Updated on 2025-08-12 GMT+08:00

View PDF

Importing Data to a Doris Cluster with Stream Load

Stream Load is a synchronous import method. You can import local files or data streams into Doris by sending HTTP requests. Stream Load synchronously executes the import and returns the import result. You can determine whether the import is successful based on the response body.

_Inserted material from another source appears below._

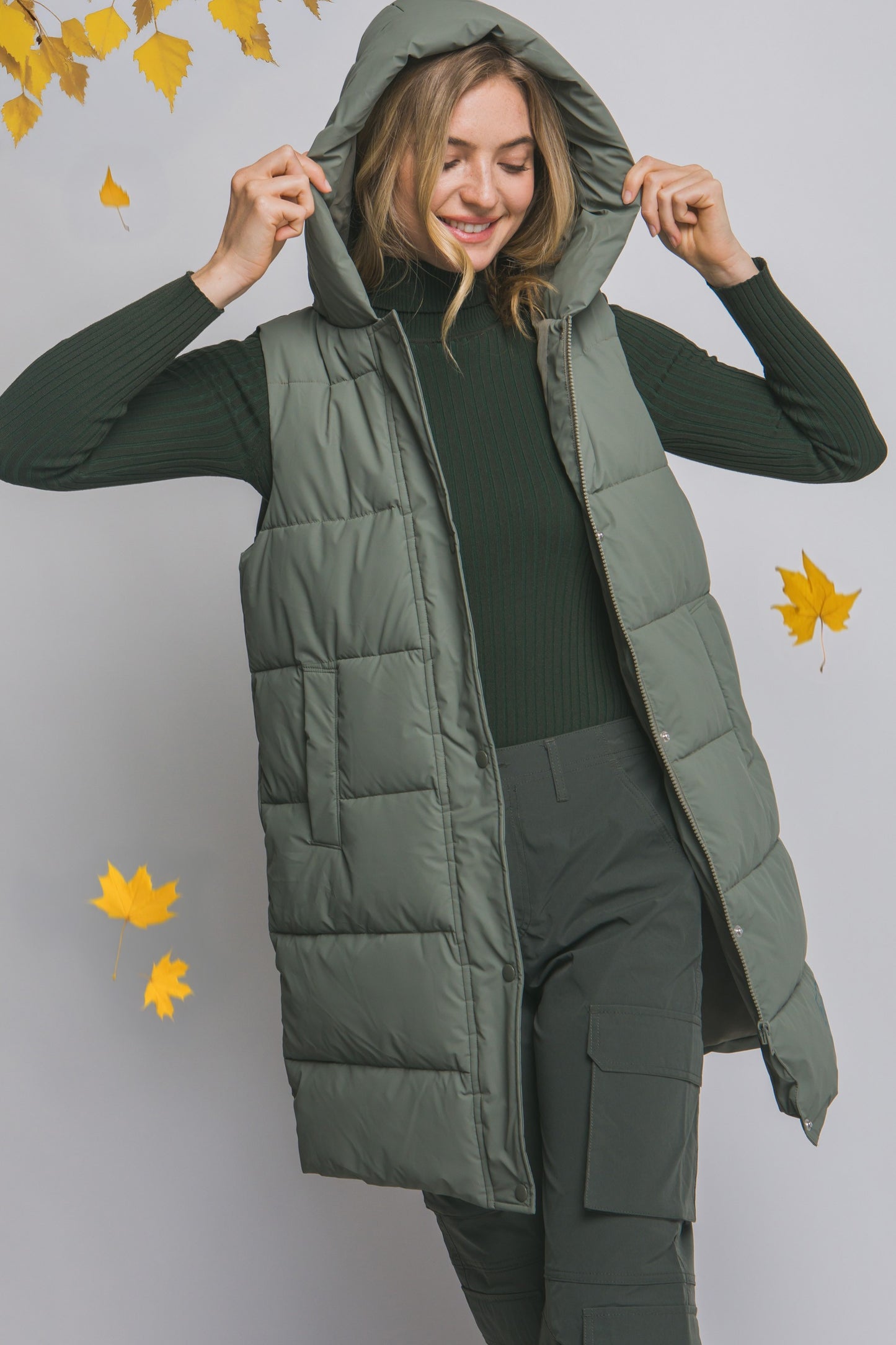 Dora Hooded Long Puffer Vest- 2 Colors!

Stream Load is used to import local files or import data in data streams through programs.

Basic Principles

The following shows the main flow of Stream Load, omitting some import details.

  ^      +
                         |      |
                         |      | 1A. User submit load to FE
                         |      |
                         |   +--v-----------+
                         |   | FE           |
5. Return result to user |   +--+-----------+
                         |      |
                         |      | 2. Redirect to BE
                         |      |
                         |   +--v-----------+
                         +---+Coordinator BE| 1B. User submit load to BE
                             +-+-----+----+-+
                               |     |    |
                         +-----+     |    +-----+
                         |           |          | 3. Distribute data
                         |           |          |
                       +-v-+       +-v-+      +-v-+
                       |BE |       |BE |      |BE |
                       +---+       +---+      +---+

In Stream Load, Doris selects a node as the Coordinator node. This node receives data and distributes data to other data nodes. You can submit the import command through HTTP. If the command is submitted to the FE node, the FE node forwards the request to a BE node through the HTTP redirect command. You can also directly submit the import command to a specified BE node. The Coordinator BE node returns the final import result.

Basic Operations

Before using Stream Load to import data, ensure that the security group ports of the Doris cluster (ports 8030 and 8040) are enabled. Otherwise, the connection to Stream Load will time out.

Creating an import job
Stream Load submits and transfers data through HTTP. Here, the curl command shows how to submit an import.

You can also perform operations through other HTTP clients.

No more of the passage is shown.